A multinuclear NMR study on the structure and dynamics of lanthanide(III) complexes of the poly(amino carboxylate) EGTA(4-) in aqueous solution

The structures and intramolecular dynamics of [Ln(EGTA)(H2O)](-) (Ln = La3+, Ce3+, Pr3+, Nd3+, Sm3+, Eu3+, Gd3+, Tb3+, Dy3+, Ho3+, Er3+, Tm3+, Yb3+, Lu3+ and EGTA(4-) = 3,12-bis(carboxymethyl)-6,9-dioxa-3,12-diazatetradecanedioate(4-)) in aqueous solution have been investigated by variable temperature H-1 and C-13 NMR. The quantitative analysis of the proton hyperfine shifts and considerations about the stereochemical nonrigidity indicate the occurrence of a structural change along the lanthanide series with the crossover between Sm and Eu.

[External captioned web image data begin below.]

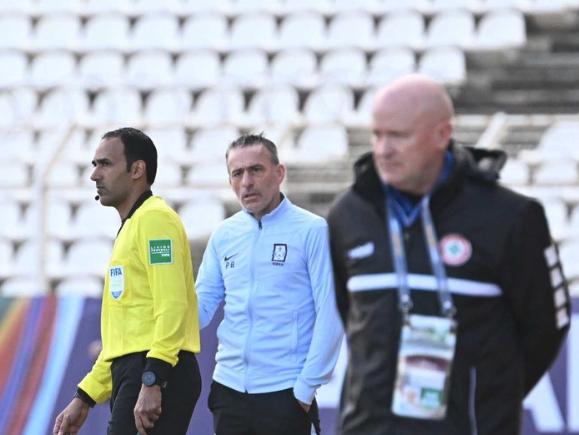 韩国队2-1逆转葡萄牙,韩国队2-0胜德国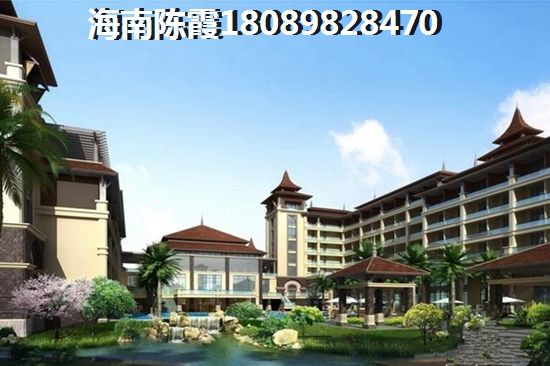 礼县旅游什么时候去醉好玩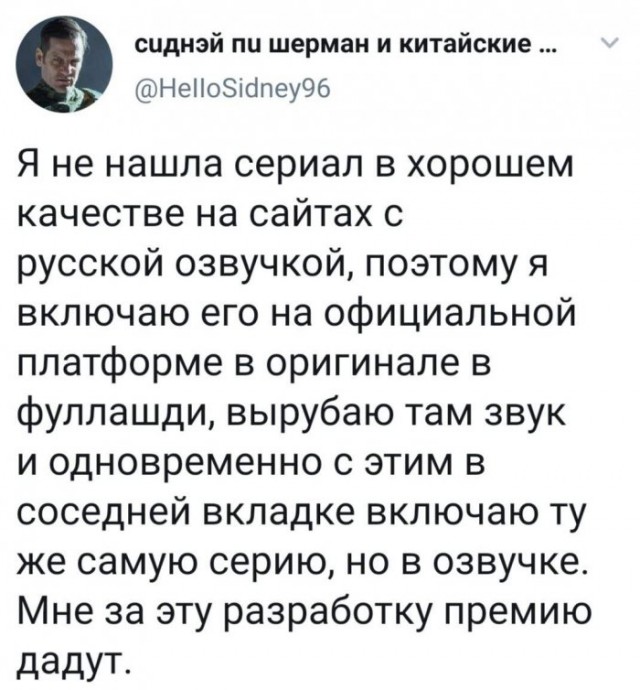 Немного картинок для настроения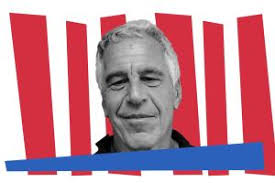 Pope Benedict's funeral has ended. His right-hand man, Georg Gänswein, is  about to come out swinging.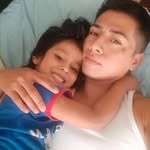 AleXander Claros - @alexander.claros - Instagram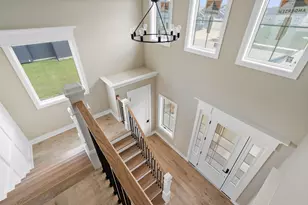 9400 Iris Dr, Saint John, IN 46373 - Photo 27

Changes of coordination number from 10 to 9 to 8 are proposed to occur across the series. The experimental data from O-17 NMR, EPR and NMRD studies for the Gd3+ complex are treated using a self-consistent theoretical model in a simultaneous multiple parameter least-squares fitting procedure (Powell, D. H.; Ni Dhubhghaill, O. M.; Pubanz, D.; Helm, L.; Lebedev, Y. S.; Schlaepfer, W.; Merbach, A. E. J. Am. Chem. Sec. 1996, 118, 9333). An intermolecular dipole-dipole electronic relaxation mechanism that has very recently been described for Gd3+ complexes (Powell et al., op. cit.) is included in the data treatment. The high water exchange rate of [Gd(EGTA)(H2O)](-) of k(ex)(298) = (3.1 +/- 0.2) x 10(7) s(-1) is explained in terms of a limiting dissociative exchange mechanism (Delta V double dagger = +10.5 +/- 1.0 cm(3)mol(-1)), favored by the steric constraints on the water binding site that are revealed by the study on the solution structure.